Il dossier è stato chiuso a maggio e consegnato ai vertici Onu il 21 luglio. I Paesi coinvolti nelle relazioni con la Libia, a cominciare dall’Italia, ne sono stati informati. Ma nessuna denuncia ferma la consegna di motovedette e l’addestramento dei guardacoste che gli esperti Onu accusano di essere lo strumento essenziale per il mercato degli esseri umani.

La fossa comune di Kufra non è che un indizio. «Secondo le indagini e le testimonianze - si legge -, le sepolture sono avvenute in tempi diversi». La filiera del contrabbando di uomini coinvolge istituzioni e criminalità. Un sistema integrato che da una parte finge di assecondare le richieste europee per fermare i flussi migratori, e dall’altro lo alimenta alzando il prezzo che le cancellerie devono versare ai trafficanti attraverso i loro prestanome nelle istituzioni. Sono stati trovati «ragionevoli motivi per ritenere che il personale di alto livello della Guardia Costiera libica, dell'Apparato di Supporto alla Stabilità e della Direzione per la Lotta alla Guardia costiera libica, dell'Apparato di supporto alla stabilità e della Direzione per la lotta alla migrazione illegale - è l’accusa - sia colluso con trafficanti e contrabbandieri, che sarebbero collegati a gruppi di miliziani, nel contesto dell'intercettazione e della privazione della libertà dei migranti».

Si incassa per intercettare i migranti in mare, e si moltiplicano gli introiti per liberarli una volta condotti nei campi di prigionia a terra. Il gruppo di lavoro ritiene «le guardie chiedessero e ricevessero pagamenti per il rilascio dei migranti». Al punto da potere affermare che l’intero sistema, dalla cattura in mare ai respingimenti via terra, siano parte di uno schema di business collaudato: «La tratta, la riduzione in schiavitù, il lavoro forzato, la detenzione, l'estorsione e il contrabbando di esseri umani hanno generato entrate significative per individui, gruppi e istituzioni statali». Secondo l'Onu solo a Tazirbu, nel sud-est della Libia, negli ultimi due anni «almeno 700 persone sarebbero state rilasciate e trasferite in altri centri di detenzione dopo essere state tenute prigioniere e torturate a scopo di riscatto». Da Tripoli continuano a non rispondere alle richieste delle agenzie umanitarie Onu. «E fino a quando i governi europei - osserva un funzionario umanitario a Tripoli - continueranno a cedere al ricatto libico senza chiedere in cambio maggiore trasparenza, i boss continueranno a spadroneggiare». Nel dossier è scritto senza ricorrere ad acrobazie lessicali: «Siamo molto preoccupati per la situazione di molti altri migranti e rifugiati, comprese le vittime della tratta, che sono stati trasferiti in centri di detenzione dove non è stato acconsentito l'accesso ad agenzie umanitarie, avvocati o organizzazioni della società civile».
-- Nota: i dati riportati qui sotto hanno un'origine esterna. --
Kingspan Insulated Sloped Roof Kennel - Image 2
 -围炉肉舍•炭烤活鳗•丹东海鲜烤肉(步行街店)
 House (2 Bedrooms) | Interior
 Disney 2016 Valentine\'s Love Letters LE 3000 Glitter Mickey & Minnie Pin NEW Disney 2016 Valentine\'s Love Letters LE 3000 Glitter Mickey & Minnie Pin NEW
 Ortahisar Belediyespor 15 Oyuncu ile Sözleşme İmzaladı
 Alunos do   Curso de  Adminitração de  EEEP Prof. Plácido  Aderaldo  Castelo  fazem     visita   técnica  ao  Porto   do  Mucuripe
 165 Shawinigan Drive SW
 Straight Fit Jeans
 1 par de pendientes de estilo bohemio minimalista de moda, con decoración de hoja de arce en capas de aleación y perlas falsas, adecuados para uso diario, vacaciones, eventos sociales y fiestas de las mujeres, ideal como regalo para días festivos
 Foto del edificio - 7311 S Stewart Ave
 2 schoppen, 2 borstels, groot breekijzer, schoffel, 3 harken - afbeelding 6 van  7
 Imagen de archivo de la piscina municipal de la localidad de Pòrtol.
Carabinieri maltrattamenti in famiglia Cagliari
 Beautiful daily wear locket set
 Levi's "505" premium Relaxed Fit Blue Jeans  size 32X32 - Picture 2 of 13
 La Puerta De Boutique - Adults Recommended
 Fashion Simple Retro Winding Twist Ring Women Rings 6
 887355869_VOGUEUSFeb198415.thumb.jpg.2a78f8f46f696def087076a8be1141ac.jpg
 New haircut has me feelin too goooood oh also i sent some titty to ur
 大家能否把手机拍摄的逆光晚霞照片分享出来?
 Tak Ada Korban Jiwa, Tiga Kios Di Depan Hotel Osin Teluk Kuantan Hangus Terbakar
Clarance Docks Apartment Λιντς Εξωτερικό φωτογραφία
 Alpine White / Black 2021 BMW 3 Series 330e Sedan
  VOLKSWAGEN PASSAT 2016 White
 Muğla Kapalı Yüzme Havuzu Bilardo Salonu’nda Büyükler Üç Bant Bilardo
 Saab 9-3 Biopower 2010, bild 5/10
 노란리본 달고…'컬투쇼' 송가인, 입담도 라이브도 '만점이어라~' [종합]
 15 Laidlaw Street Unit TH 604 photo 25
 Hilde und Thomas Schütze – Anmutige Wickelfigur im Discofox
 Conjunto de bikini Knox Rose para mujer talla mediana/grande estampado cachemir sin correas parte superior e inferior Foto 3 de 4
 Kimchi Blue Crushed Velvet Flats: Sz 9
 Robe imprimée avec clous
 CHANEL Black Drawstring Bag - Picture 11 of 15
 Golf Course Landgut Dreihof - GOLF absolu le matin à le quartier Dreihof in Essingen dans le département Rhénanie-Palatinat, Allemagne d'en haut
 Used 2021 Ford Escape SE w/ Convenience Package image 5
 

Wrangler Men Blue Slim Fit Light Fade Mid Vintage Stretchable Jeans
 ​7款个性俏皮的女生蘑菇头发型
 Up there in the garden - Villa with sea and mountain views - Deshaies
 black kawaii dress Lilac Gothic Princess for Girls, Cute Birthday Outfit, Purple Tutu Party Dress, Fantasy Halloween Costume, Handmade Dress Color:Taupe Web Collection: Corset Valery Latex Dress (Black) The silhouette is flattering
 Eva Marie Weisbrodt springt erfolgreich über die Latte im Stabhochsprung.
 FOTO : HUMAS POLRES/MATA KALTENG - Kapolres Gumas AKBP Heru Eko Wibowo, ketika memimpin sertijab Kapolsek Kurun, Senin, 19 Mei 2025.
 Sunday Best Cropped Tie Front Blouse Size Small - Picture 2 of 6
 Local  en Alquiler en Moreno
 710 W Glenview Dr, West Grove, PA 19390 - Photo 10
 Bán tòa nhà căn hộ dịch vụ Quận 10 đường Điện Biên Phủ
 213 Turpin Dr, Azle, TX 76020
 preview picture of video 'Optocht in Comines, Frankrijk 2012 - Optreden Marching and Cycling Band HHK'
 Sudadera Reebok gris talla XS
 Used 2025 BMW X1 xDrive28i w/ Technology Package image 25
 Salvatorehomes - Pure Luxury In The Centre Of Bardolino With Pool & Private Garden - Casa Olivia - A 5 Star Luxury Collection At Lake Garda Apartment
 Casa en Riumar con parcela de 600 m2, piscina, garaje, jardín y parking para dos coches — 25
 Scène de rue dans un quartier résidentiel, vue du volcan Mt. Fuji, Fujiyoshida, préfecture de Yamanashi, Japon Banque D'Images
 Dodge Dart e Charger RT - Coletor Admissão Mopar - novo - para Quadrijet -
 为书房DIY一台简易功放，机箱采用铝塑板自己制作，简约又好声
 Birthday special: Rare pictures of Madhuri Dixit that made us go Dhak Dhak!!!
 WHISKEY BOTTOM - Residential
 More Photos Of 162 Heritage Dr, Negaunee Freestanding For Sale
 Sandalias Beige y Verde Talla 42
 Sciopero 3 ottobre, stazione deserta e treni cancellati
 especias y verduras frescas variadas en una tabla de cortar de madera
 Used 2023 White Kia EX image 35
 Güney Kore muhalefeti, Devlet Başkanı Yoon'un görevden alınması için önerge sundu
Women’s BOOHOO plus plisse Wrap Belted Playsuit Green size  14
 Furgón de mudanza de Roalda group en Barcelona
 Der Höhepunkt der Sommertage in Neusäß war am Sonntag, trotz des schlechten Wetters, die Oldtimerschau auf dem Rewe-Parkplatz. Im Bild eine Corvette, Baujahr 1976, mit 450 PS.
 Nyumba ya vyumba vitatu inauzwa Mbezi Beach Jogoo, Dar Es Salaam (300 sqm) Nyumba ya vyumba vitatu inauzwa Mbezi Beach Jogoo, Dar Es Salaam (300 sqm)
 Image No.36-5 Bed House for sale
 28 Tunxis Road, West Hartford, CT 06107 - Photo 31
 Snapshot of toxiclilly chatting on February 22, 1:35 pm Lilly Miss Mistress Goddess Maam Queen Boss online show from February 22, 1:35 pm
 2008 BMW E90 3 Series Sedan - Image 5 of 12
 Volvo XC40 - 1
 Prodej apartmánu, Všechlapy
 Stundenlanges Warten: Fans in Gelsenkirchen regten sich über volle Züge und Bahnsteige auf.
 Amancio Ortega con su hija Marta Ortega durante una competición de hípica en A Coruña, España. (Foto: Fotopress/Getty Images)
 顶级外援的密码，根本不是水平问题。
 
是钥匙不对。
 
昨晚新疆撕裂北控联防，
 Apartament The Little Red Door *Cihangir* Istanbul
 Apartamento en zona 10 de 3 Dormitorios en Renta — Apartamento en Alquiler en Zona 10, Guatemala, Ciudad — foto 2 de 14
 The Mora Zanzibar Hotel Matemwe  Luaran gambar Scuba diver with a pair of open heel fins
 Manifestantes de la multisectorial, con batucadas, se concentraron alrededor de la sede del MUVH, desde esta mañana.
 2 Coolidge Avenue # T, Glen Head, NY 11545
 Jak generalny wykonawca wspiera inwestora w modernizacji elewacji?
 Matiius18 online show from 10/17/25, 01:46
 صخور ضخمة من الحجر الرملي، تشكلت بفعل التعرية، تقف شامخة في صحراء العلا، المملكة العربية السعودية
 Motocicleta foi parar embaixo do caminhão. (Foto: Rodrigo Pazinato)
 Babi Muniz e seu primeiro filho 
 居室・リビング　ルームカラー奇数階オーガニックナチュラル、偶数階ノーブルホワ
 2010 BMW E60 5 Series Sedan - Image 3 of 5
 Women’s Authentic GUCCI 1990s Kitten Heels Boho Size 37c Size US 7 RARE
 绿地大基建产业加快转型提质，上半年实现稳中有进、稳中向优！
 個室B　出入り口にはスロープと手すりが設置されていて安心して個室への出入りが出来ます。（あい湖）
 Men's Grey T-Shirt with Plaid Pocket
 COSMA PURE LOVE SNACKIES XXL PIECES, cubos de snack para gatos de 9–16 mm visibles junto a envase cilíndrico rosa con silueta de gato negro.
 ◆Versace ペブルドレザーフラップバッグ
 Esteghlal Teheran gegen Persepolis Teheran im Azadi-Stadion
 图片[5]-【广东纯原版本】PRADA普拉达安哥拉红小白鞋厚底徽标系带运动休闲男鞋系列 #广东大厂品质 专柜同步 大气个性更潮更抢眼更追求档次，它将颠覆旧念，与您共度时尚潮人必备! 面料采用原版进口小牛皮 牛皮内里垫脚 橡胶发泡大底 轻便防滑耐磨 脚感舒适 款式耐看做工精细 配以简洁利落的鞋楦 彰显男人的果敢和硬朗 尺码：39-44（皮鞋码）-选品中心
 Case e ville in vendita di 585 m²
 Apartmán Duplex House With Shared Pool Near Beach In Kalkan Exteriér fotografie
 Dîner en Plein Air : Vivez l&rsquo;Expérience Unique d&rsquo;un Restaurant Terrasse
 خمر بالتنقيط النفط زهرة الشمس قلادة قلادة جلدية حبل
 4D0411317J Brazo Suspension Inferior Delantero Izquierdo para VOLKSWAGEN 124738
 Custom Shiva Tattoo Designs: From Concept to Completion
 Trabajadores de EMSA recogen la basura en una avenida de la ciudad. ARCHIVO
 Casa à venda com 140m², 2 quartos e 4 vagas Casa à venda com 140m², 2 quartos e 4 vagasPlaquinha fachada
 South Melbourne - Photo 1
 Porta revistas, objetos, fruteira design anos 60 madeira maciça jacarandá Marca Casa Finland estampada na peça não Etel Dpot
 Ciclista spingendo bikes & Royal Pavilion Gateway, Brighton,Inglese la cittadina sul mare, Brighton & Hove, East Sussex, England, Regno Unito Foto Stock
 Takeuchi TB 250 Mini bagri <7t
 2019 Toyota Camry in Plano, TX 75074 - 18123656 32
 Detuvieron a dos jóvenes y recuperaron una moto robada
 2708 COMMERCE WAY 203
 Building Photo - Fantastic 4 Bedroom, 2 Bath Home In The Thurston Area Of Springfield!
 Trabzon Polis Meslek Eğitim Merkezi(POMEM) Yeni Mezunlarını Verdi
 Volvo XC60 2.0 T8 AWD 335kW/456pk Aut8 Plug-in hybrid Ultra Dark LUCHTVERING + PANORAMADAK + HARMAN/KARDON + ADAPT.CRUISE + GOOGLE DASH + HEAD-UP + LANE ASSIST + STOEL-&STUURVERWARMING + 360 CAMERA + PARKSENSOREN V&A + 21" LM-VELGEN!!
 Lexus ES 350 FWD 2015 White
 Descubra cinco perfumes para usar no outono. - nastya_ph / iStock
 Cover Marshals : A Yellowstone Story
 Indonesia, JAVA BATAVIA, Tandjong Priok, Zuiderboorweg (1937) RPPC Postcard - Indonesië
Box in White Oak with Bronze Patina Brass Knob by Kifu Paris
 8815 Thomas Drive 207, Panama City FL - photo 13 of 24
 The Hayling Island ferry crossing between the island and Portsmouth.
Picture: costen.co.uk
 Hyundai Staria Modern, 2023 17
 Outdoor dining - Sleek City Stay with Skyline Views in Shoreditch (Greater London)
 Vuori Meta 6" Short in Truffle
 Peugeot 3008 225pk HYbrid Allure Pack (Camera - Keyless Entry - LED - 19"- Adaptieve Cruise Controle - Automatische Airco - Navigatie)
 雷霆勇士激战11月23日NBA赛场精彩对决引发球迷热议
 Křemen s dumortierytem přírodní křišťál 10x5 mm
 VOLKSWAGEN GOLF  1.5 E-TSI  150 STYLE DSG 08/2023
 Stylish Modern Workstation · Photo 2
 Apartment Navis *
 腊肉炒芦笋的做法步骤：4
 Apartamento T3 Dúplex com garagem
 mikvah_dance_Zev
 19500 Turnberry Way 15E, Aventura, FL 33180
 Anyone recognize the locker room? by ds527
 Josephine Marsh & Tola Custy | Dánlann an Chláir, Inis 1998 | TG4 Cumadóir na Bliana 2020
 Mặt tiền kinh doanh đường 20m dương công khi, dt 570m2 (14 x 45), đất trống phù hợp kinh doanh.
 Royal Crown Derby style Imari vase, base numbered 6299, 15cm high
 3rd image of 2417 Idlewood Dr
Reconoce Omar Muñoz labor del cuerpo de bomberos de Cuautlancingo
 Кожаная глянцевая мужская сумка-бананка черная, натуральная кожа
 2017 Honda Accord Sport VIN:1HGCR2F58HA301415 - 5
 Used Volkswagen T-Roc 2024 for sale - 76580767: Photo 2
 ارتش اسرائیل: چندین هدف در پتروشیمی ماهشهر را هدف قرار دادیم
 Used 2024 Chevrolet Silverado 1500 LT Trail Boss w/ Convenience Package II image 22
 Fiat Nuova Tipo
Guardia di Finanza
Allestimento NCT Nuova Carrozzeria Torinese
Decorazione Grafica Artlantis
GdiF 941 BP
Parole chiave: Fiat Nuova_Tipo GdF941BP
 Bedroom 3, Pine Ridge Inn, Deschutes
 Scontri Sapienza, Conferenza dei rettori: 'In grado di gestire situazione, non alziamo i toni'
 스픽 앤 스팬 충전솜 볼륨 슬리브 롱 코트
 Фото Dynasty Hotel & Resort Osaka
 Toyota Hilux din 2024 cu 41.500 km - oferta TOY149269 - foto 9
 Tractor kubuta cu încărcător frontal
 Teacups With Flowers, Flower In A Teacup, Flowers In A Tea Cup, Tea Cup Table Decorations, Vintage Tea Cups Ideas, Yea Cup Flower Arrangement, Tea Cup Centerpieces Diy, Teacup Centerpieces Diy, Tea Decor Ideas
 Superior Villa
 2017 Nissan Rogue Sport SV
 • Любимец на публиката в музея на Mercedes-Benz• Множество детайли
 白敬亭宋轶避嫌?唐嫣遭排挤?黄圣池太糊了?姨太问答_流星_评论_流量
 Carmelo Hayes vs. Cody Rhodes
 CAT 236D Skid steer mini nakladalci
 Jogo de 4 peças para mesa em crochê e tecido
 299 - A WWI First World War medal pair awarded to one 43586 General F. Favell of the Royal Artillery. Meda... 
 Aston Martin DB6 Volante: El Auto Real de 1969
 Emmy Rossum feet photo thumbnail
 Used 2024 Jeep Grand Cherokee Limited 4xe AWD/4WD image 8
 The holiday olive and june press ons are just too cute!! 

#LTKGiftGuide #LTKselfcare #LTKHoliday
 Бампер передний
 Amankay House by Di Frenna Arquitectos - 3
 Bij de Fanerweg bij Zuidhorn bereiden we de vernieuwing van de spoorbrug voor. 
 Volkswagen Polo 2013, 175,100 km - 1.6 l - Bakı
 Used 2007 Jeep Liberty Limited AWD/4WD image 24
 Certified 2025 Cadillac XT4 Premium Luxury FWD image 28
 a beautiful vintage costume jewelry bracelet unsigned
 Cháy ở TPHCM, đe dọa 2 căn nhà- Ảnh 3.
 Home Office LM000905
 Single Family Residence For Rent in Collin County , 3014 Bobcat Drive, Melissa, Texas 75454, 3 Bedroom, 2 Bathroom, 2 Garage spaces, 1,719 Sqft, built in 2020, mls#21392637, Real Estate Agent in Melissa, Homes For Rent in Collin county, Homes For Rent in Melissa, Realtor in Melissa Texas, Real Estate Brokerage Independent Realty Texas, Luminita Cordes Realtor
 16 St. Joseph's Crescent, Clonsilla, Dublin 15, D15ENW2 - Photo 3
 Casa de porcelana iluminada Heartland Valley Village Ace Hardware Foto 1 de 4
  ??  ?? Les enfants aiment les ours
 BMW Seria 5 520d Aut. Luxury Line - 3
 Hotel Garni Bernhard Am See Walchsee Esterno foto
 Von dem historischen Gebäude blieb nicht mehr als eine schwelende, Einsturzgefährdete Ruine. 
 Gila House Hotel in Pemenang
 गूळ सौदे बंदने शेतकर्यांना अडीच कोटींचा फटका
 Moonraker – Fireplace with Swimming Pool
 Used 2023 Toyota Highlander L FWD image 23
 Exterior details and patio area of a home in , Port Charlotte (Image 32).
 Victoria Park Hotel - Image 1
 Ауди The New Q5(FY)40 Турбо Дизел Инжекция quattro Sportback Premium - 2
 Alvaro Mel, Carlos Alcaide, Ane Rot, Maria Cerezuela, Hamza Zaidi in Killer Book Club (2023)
C’è poi il caso di 120 migranti e rifugiati apparentemente rilasciati dalla Direzione libica per la lotta alla migrazione illegale (Dcim) nel febbraio 2023. In realtà sono stati deportati in un luogo sconosciuto e in circostanze che potrebbero rientrare tra i crimini di «sparizione forzata» perché il gruppo continua «a essere detenuto senza avere accesso ad avvocati, assistenza o protezione».

Nelle ultime settimane, in concomitanza con la crisi migratoria in Tunisia e con le consegne di equipaggiamento per Tripoli dall’Italia, alcuni canali della propaganda libica mostrano con frequenza le operazioni di polizia per l’arresto di trafficanti di uomini. Nient’altro che un trucco per ingannare anche i governi europei, a cui far credere che in Libia le cose stiano cambiando e che la caccia ai contrabbandieri di esseri umani sia senza quartiere. Tra i molti, gli esperti Onu citano un caso. I nomi dei protagonisti sono coperti da omissis, anche perché tra loro vi sono alcuni ricercati della Corte penale internazionale le cui identità verranno tenute in segreto ancora per alcune settimane.

«Nonostante il coinvolgimento di almeno un noto cittadino libico - si legge nel report -, a quanto pare sono stati arrestati solo cittadini non libici per presunto coinvolgimento in abusi di detenzione». Allo scopo di coprire le «complicità da parte delle autorità libiche» a cui viene rimproverata «l'incapacità di condurre indagini efficaci per garantire la responsabilità di queste gravi violazioni dei diritti umani».